Write out the entire listing below exactly, with the pictures left out.
*** Opening Recorded data ***
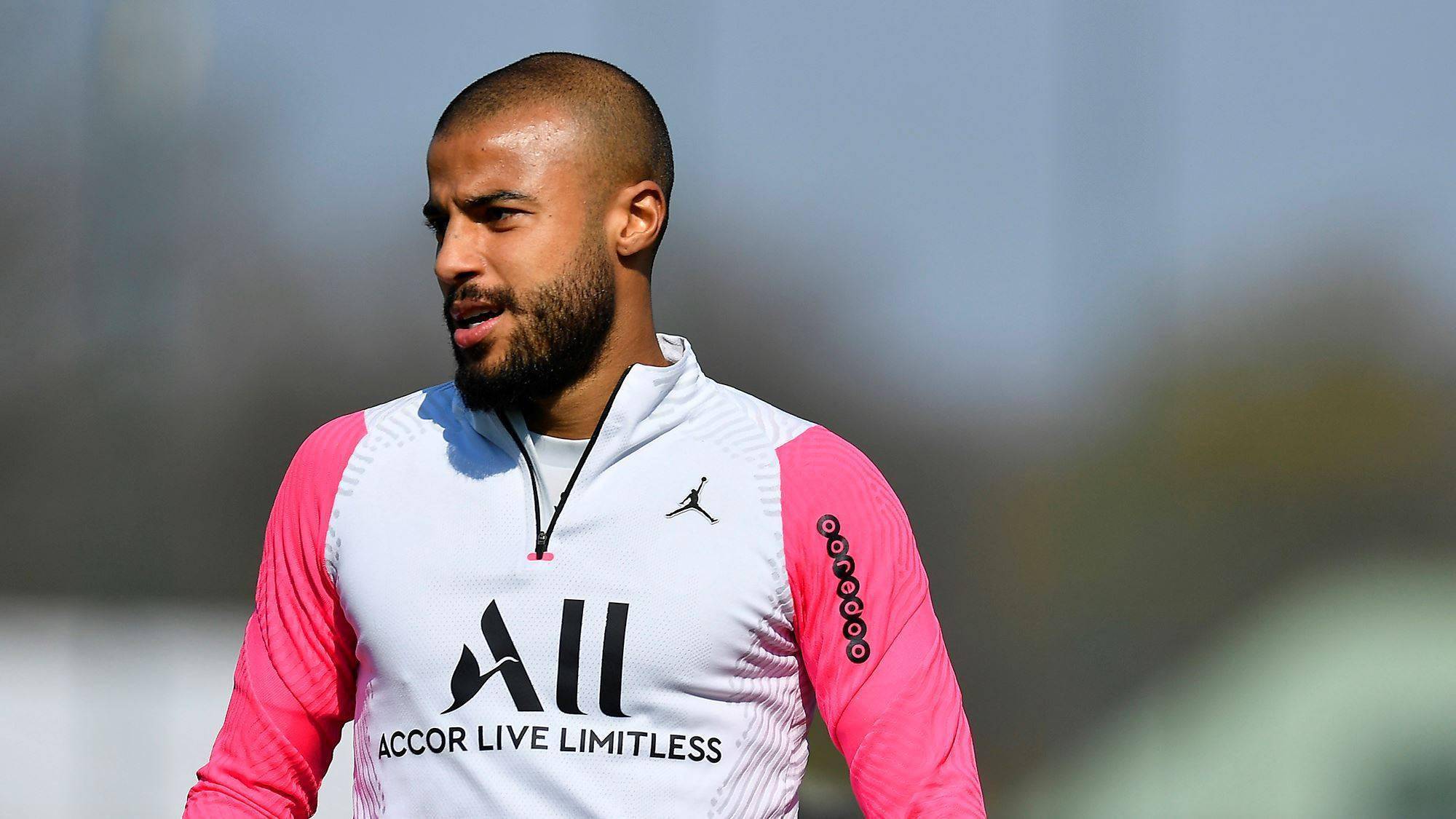 7. 贝尔纳特:膝盖受伤,继续恢复.6.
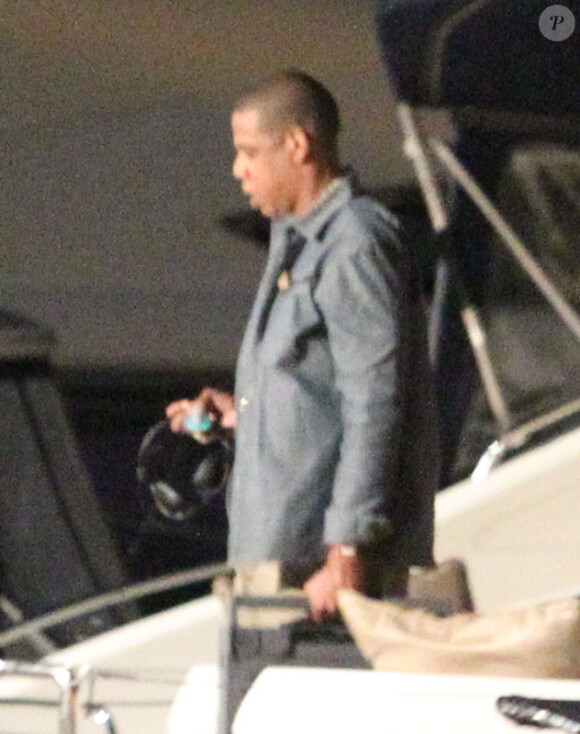 EXCLU. Jay-Z pose les pieds à Saint-Barthelemy pour ses vacances avec sa femme Beyoncé et leur adorable petite Blue Ivy le 5 avril 2012
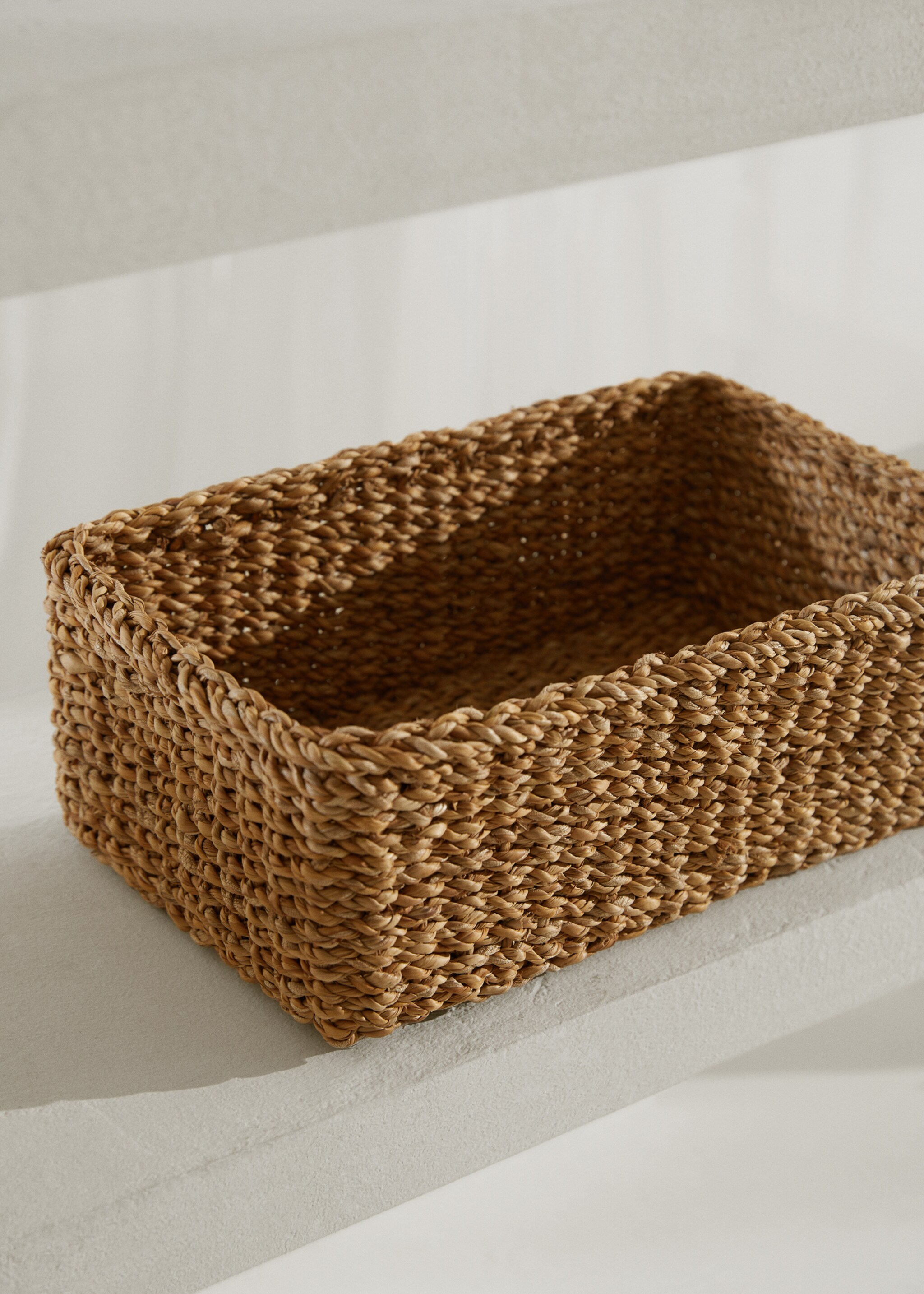 Large natural fibre braided basket - General plane, Brown. Ref: 77021011-00.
*** Closing Recorded data ***
» **Answer to this problem**:
 7. 贝尔纳特:膝盖受伤,继续恢复.6.
 EXCLU. Jay-Z pose les pieds à Saint-Barthelemy pour ses vacances avec sa femme Beyoncé et leur adorable petite Blue Ivy le 5 avril 2012
 Large natural fibre braided basket - General plane, Brown. Ref: 77021011-00.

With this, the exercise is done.